On September 7, producers from various parts of the country together with employees of the Centeno brothers took over the National Assembly, led by FSLN secretary general and National Assembly representative Daniel Ortega. Occupying the seats of various legislators, the demonstrators used their microphones to demand passage of the bills promoted by the FSLN in the wake of the Interbank crisis to restructure and pardon agrarian debts and create a state agricultural development bank. These "judicial mob" bills were debated by bankers, business leaders and government officials, who do not consider a debt-forgiveness policy viable because it would damage the economy. They also claim that there are no funds to create another development bank. (The old one, BANADES, was closed several years ago due to its inability to collect on a huge outstanding loan portfolio, mainly to big capitalist farmers holding government posts.)
On September 30, Daniel Ortega, who had earlier announced that not only Interbank but also seven other banks in Nicaragua were in trouble, argued that "all are contaminated because this because this rotten government has created a rotting economy." That same day he announced that his party was submitting a bill to reform the law governing the Superintendence of Banks, which would allow the banking system to suspend the massive action against producers with past-due debts. On October 4, dozens of coffee growers flung baskets and sacks full of coffee against the National Assembly to demand that the laws be approved.
Meanwhile, at the end of September, Nicaragua’s Supreme Court ruled that the Ministry of the Treasury and Public Credit must turn over to the Office of Comptroller General (CGR) the audit the World Bank commissioned on the government’s sale of stock in the state-run Banco Nicaragüense (BANIC). The sentence was considered "historic" given today’s institutionalized corruption. The state capitalized BANIC in 1999 by selling 51% of its stocks in a highly questionable process that then-CGR president Agustín Jarquín declared null. The subsequent World Bank audit reportedly discovered serious irregularities in credits granted to President Alemán’s close political friends and top public officials including treasury minister Esteban Duquestrada prior to that partial privatization. For months Duquestrada had been fending off international pressure to release the audit adducing an obligation to "banking secrecy." With President Alemán’s public support, he is now staunchly refusing to obey the Supreme Court ruling on the same grounds.

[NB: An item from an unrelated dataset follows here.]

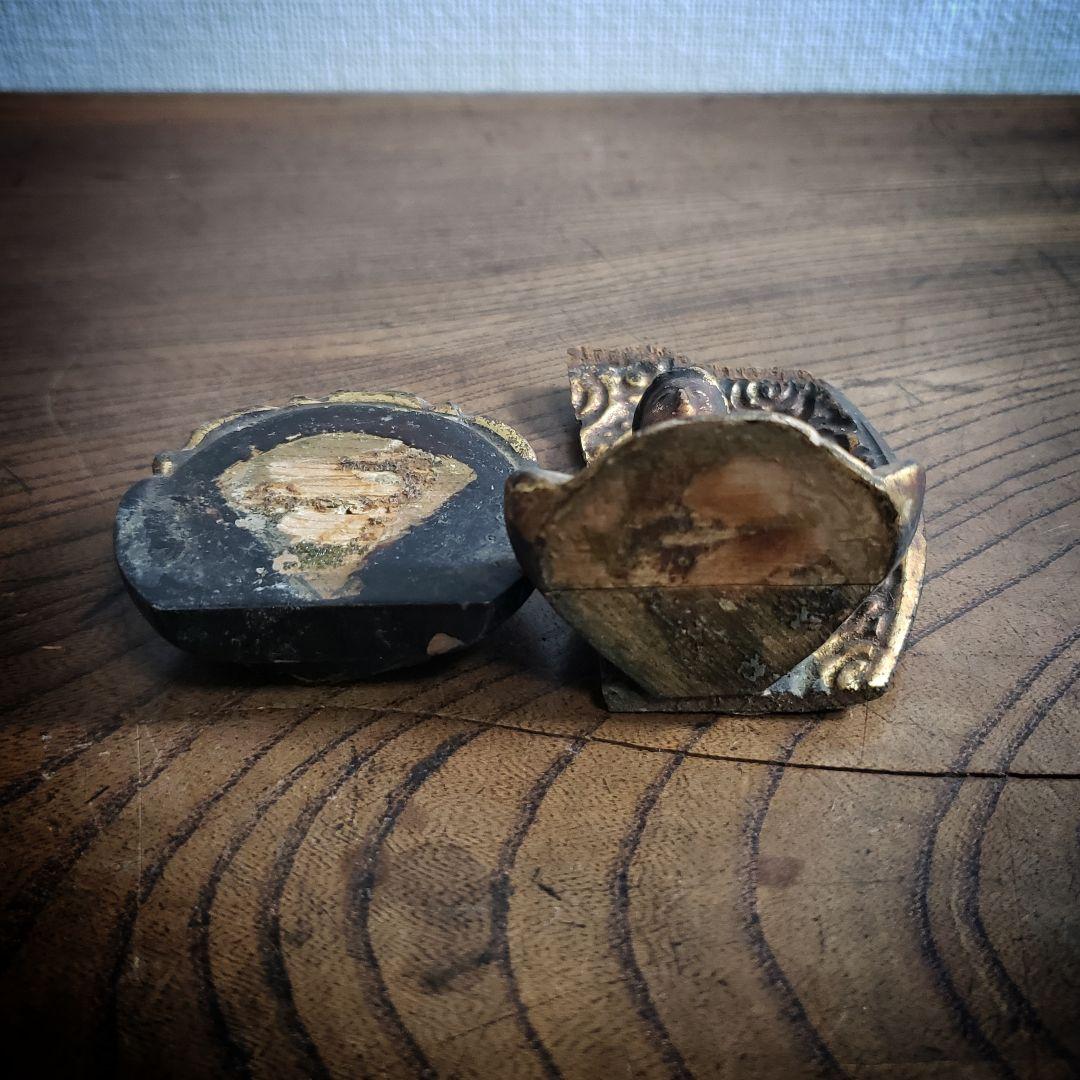 木彫 阿弥陀如来 坐像 台座　光背 小型 時代物 骨董 仏像　訳あり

GAMES THE ELECTORAL BRANCH PLAYS

Amid a festive atmosphere, the newly-formed National Unity Movement (MUN), led by retired army chief Joaquín Cuadra, held the first meeting of its municipal boards on September 10 in Managua. Days later, Cuadra turned over to the Supreme Electoral Council (CSE) all the documentation required to obtain legal standing for his new party, including 120,000 signatures of support, all formally bound and beautifully presented. The MUN has its sights on next year’s presidential race since it was formed too late to run in the municipal elections this November. Well aware that the CSE disqualified thousands of signatures from other parties to keep them off this year’s ballot, the MUN exceeded the signatures required for the 2001 elections by nearly 50,000.

The MUN’s flair for media attention led the CSE to order it to suspend all its propaganda arguing that it is confusing voters, who should be concentrating on deciding whom to vote for in the municipal elections. Cuadra denounced what he called the arbitrary nature of this demand to the Nicaraguan Human Rights Center (CENIDH), and declared that he would continue to promote the MUN and call on voters to participate in the municipal elections. If there was any doubt that the CSE’s prohibition was political rather than civic, it was soon erased. President Alemán bragged in a radio interview on October 3 that "we’re not going to let this little soldier through." Two days later the FSLN submitted a challenge to the CSE aimed at preventing the MUN from being granted legal standing.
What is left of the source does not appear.